» **What the exercise asks**: Nothing should appear in the answer except the lines below from the line containing "Personne exprimant une" through the line containing "There is a baseball", copied exactly, with pictures left out.

» **Extracted records**:
>>

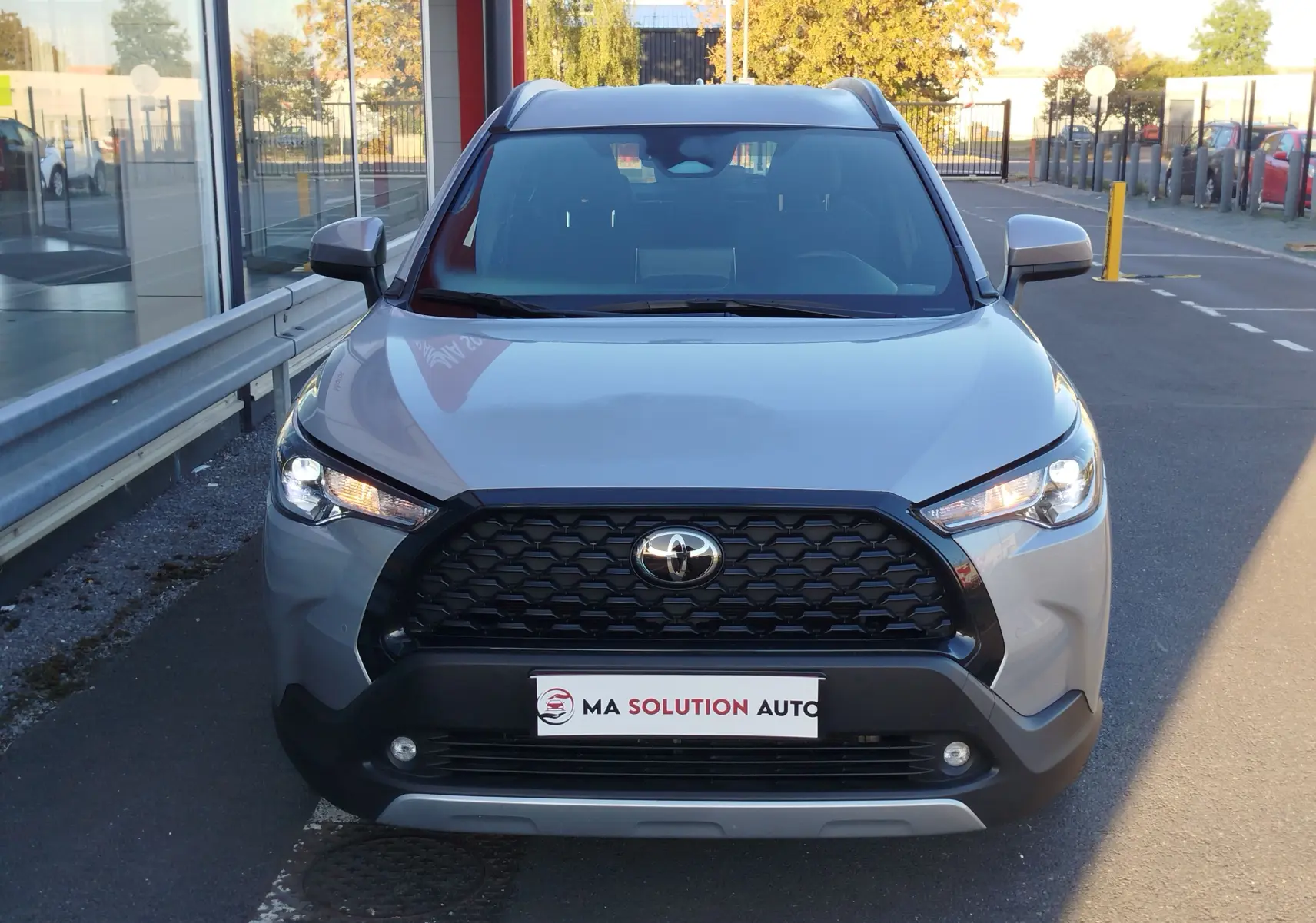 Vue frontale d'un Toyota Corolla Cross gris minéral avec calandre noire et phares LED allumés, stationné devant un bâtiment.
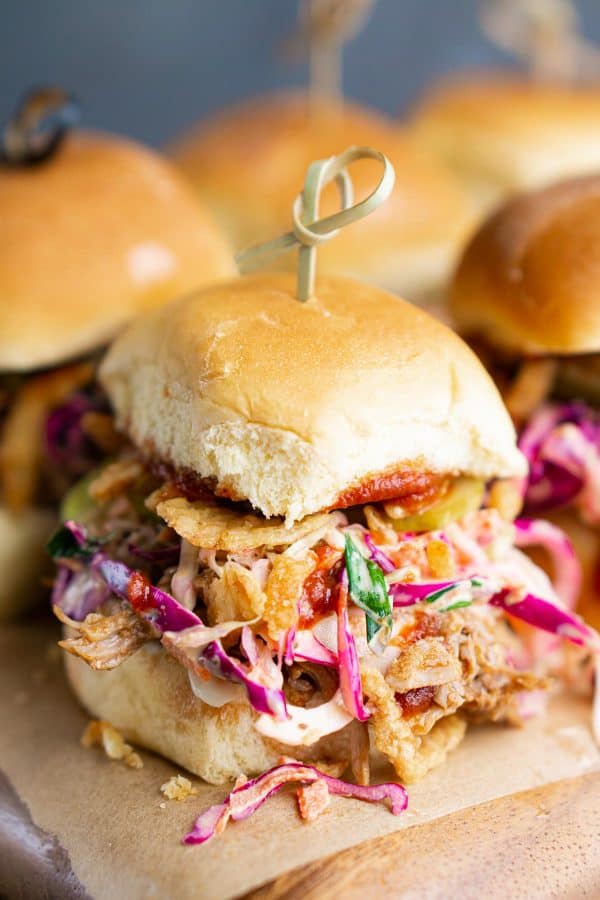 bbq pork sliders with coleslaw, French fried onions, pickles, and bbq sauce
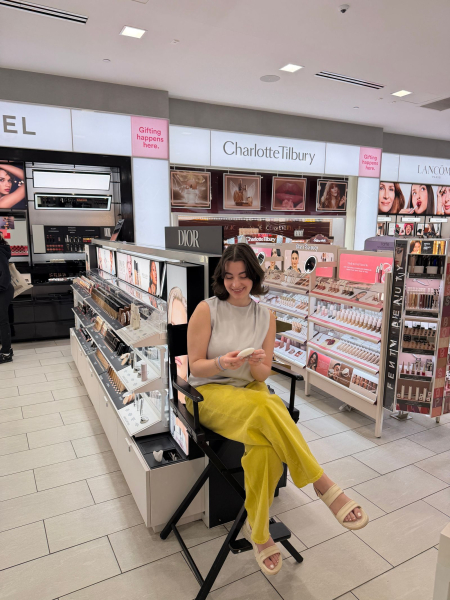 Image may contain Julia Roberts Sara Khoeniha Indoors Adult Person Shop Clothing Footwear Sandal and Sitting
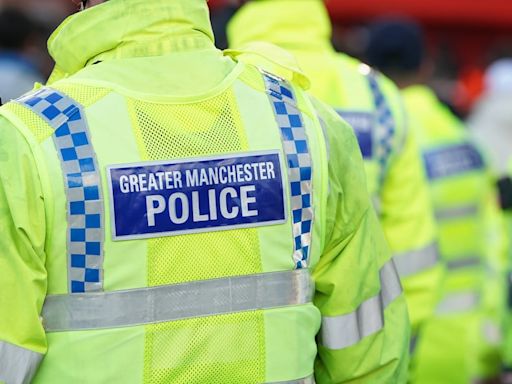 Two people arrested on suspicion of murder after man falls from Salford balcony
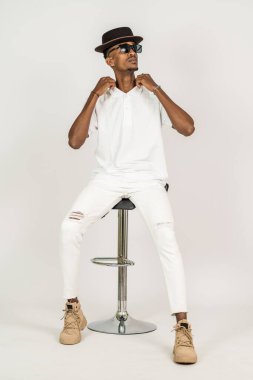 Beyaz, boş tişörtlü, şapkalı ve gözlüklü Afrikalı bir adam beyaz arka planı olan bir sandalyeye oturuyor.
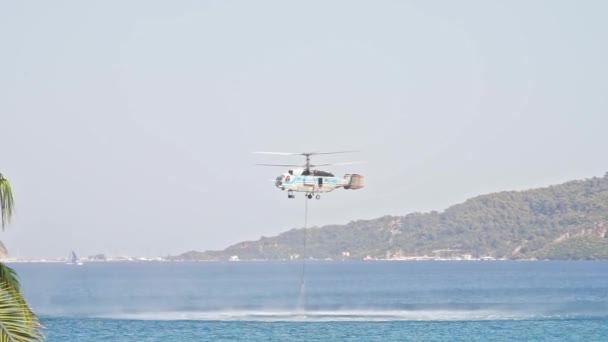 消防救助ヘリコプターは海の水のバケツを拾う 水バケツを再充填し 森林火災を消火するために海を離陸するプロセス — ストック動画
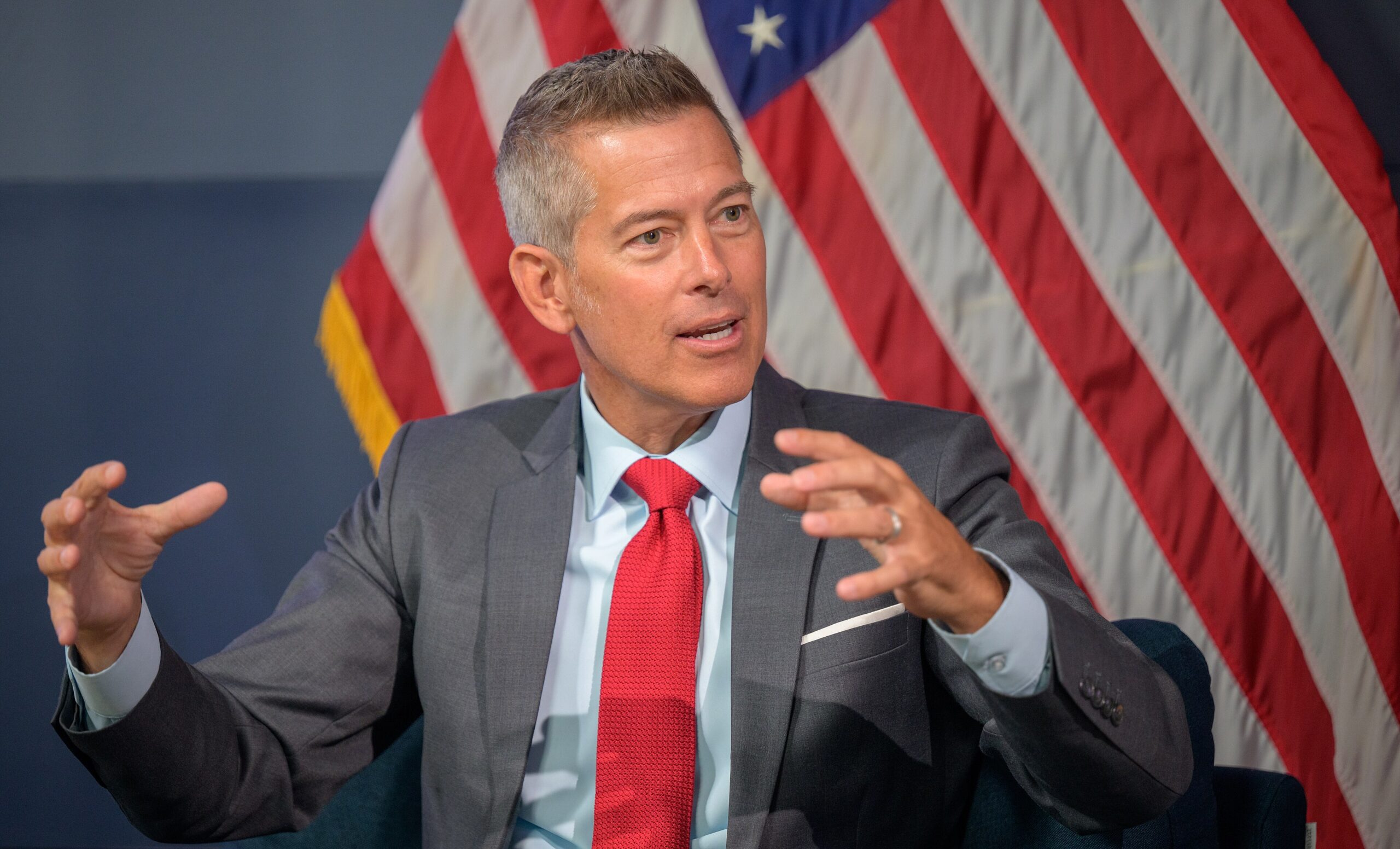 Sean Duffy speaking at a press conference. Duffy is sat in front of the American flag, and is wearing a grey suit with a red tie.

<<
>>

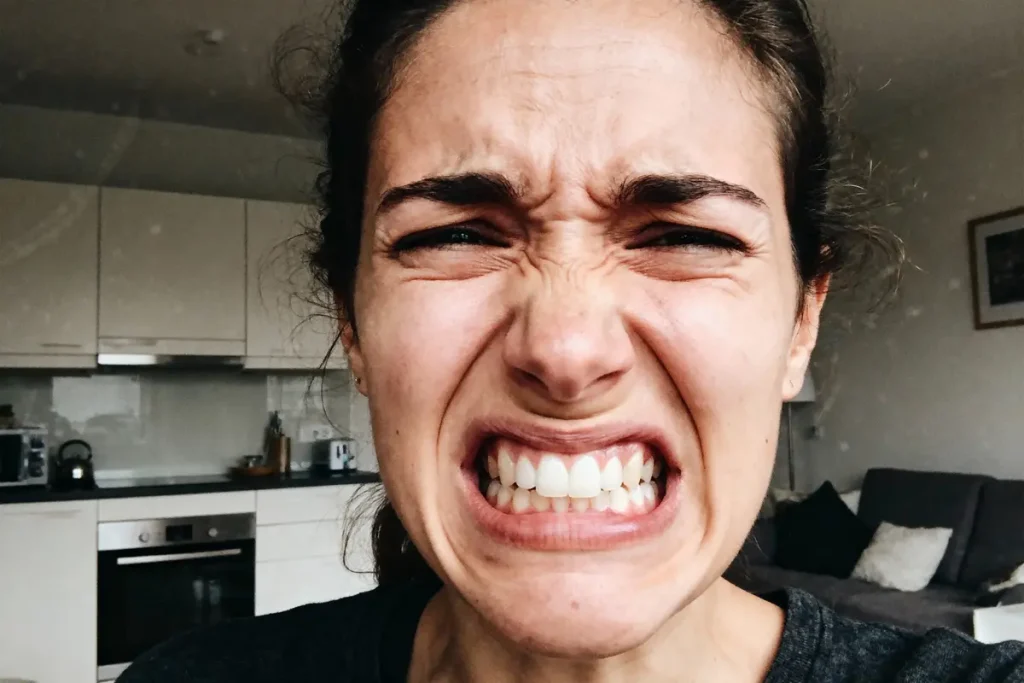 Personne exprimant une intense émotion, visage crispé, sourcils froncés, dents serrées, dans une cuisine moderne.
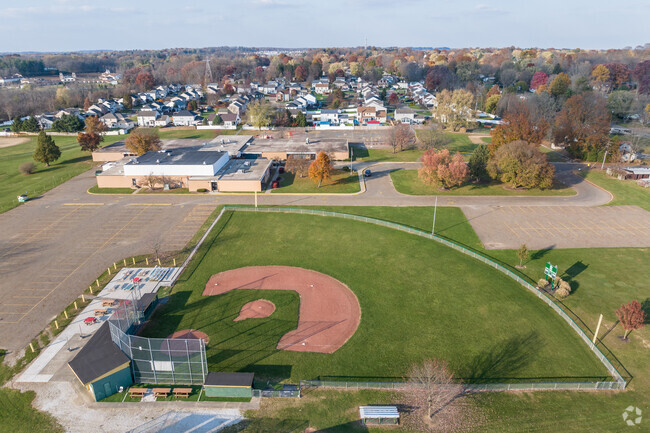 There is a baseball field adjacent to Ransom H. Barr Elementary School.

<<

» **Your solution**:
 Personne exprimant une intense émotion, visage crispé, sourcils froncés, dents serrées, dans une cuisine moderne.
 There is a baseball field adjacent to Ransom H. Barr Elementary School.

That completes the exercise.